Oil and gas has been a lagging adopter in the digital realm. Digital adoption reduces the long and complex planning cycles inherent in the energy industry, and using AI-supported analyses drives performance, improving decision making.
One of the foremost priorities for the energy sector is to reduce Scope 1 greenhouse gas (GHG) emissions—those produced as a direct consequence of exploration and production activities. Fortunately, there are several ways in which this can be accomplished with relative ease.
The largest single source of those Scope 1 emissions in the oil and gas sector is methane gas, which is 80 times more potent over a 20-year time frame than carbon dioxide (CO2) and the second largest contributor to global warming overall. Curtailing methane is highly actionable, as most of the gas is released from so-called “super emitting” facilities.
With sensitive and frequent monitoring of these installations via a range of innovative, digital solutions—from satellites to lasers to drones—methane can be detected, and leaks mitigated. Given the short atmospheric lifetime of methane, rigorous control measures like these could eliminate the energy industry’s primary GHG output from the atmosphere inside a generation.
Digital solutions are also helping to characterize and control carbon released in the Scope 1 emissions bracket. Enabling a real-time understanding of equipment performance and usage, companies can measure, plan, and act to efficiently limit and remove waste gases.

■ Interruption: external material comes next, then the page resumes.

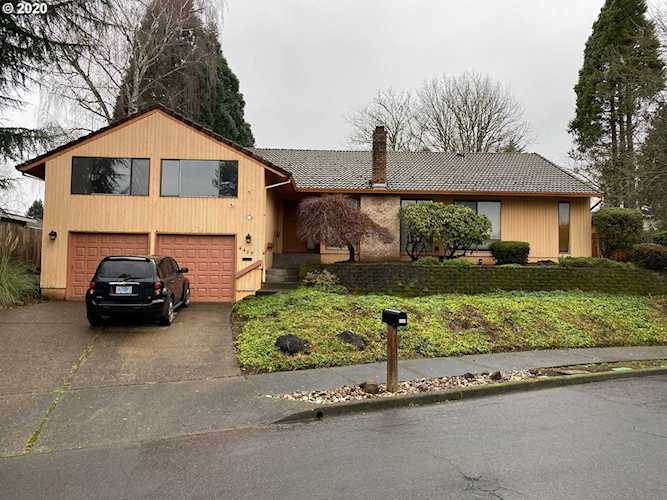 4485 NW Wallowa Ct Portland, OR 97229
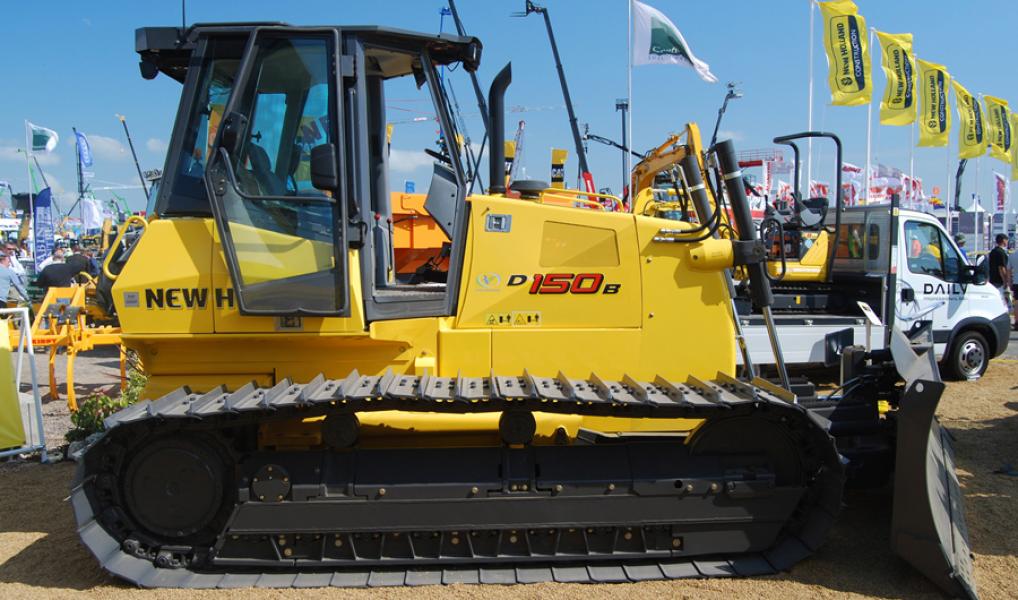 Бульдозер NEW HOLLAND D150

Another way the industry can minimize emissions is by removing hydrocarbon use from production activities. Currently, around 5% of daily offshore oil production is used to power platforms, equating to 16 terawatt-hours per year and 200 million metric tons of CO2 per annum. Leveraging wind and solar resources for offshore electrification of facilities—as we see in Equinor’s Hywind Tampen project, and the Innovation and Targeted Oil & Gas process in offshore Scotland—will be a game changer for the wider industry.
While there are relatively straightforward fixes to some sources of emissions, others present an altogether more difficult proposition. Scope 3 emissions, for example, are defined as GHGs that are not produced directly by companies or the assets owned or controlled by them, but that are emitted upstream and downstream throughout an organization's value chain. This encompasses activities from the end use of sold products to employees commuting and can represent 65–95% of a company’s carbon footprint.
The potential scale of the web of emissions radiating out from companies is one issue—measuring them is another. Traceability of emitting sources both up and down the value chain would be a complex task to fulfill for small-to-mid-sized companies with compact supply chains, but the onus is magnified manyfold for larger corporations with globe-spanning footprints. Organizations of all sizes are therefore faced with the seemingly insurmountable task of accounting for the footprint of every one of their potentially thousands of suppliers (and their products) should they wish to address these complex emissions sources.
Once the sources of emissions have been identified and measured, the next requirement is to analyze and audit the enormous volume of Scope 3 data flowing into companies. This entrains notable challenges for data handling—in terms of storage and processing—as well as the dissemination of corroborated metrics to third parties like shareholders and regulators.
Digital tech is at the center of how companies look to automate data collection, founded on accurate calculation and reporting of organizational, asset, and product-based emissions with transparency and credibility.